DATA EXCERPT:

____

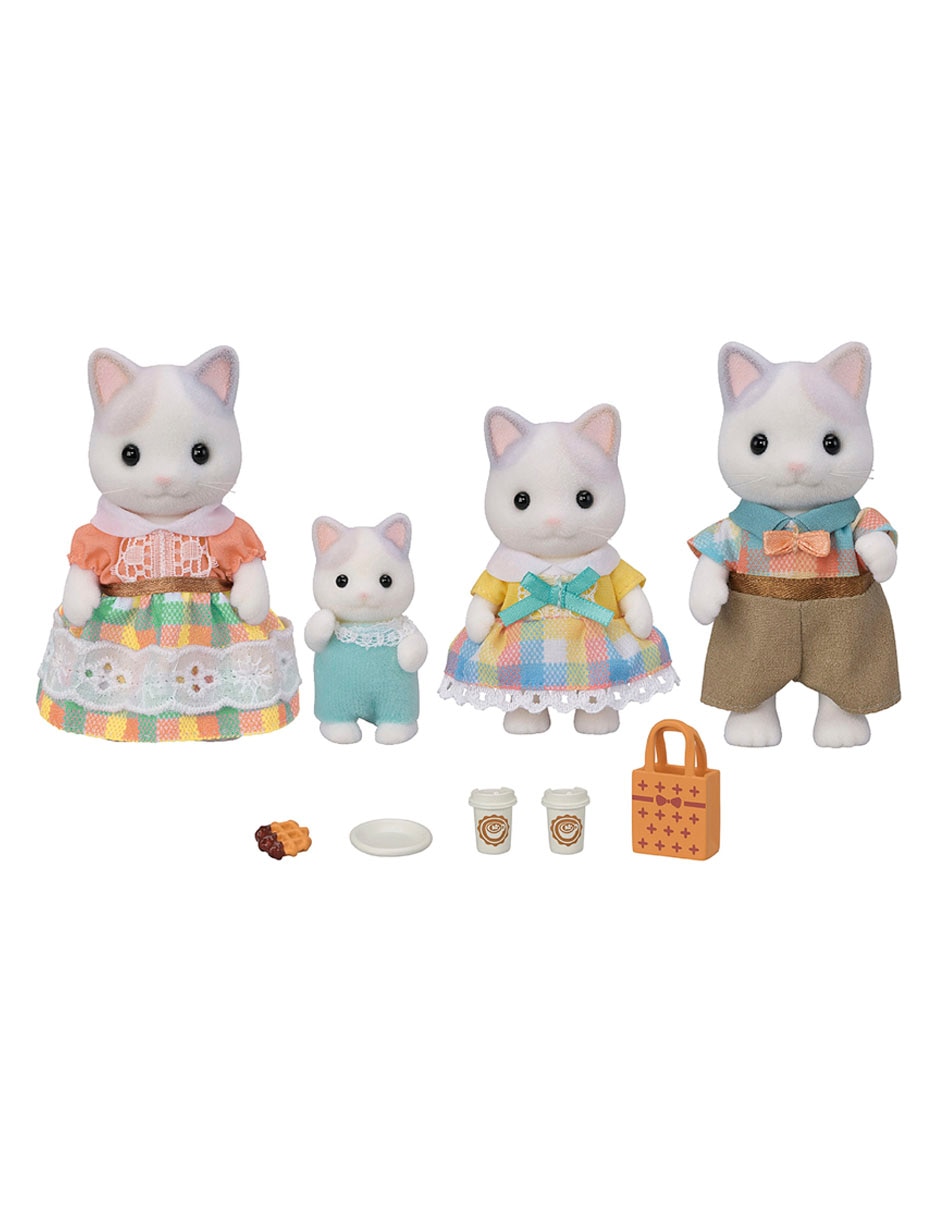 Familia de gatos latte 1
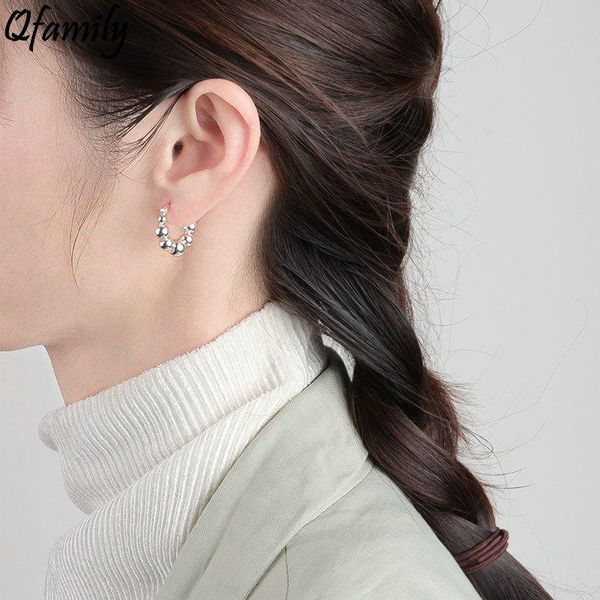 hoop & huggie 925 sterling silver unique beaded earrings for women elegant irregular beads earring french ear buckle ol daily jewelry, Golden;silver
hoop & huggie 925 sterling silver unique beaded earrings for women elegant irregular beads earring french ear buckle ol daily jewelry, Golden;silver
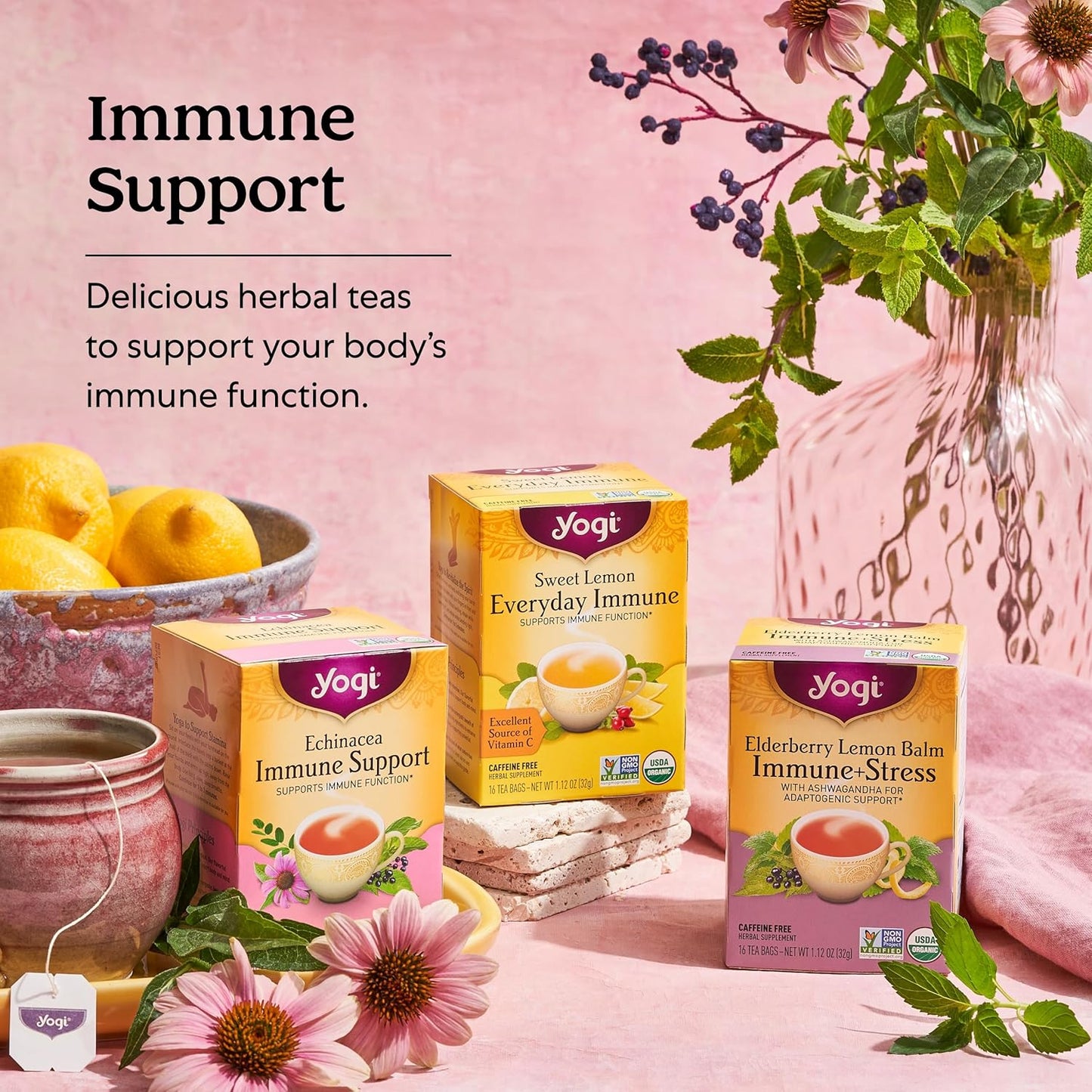 Yogi Tea - Egyptian Licorice Mint Tea (6 Pack) - Warming and Naturally Spicy Sweet - Caffeine Free - 96 Organic Herbal Tea Bags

____

AIM OF THE TASK:
Restate all the material verbatim; omit every picture.

ANSWER TO THIS TASK:
 Familia de gatos latte 1
 hoop & huggie 925 sterling silver unique beaded earrings for women elegant irregular beads earring french ear buckle ol daily jewelry, Golden;silver
hoop & huggie 925 sterling silver unique beaded earrings for women elegant irregular beads earring french ear buckle ol daily jewelry, Golden;silver
 Yogi Tea - Egyptian Licorice Mint Tea (6 Pack) - Warming and Naturally Spicy Sweet - Caffeine Free - 96 Organic Herbal Tea Bags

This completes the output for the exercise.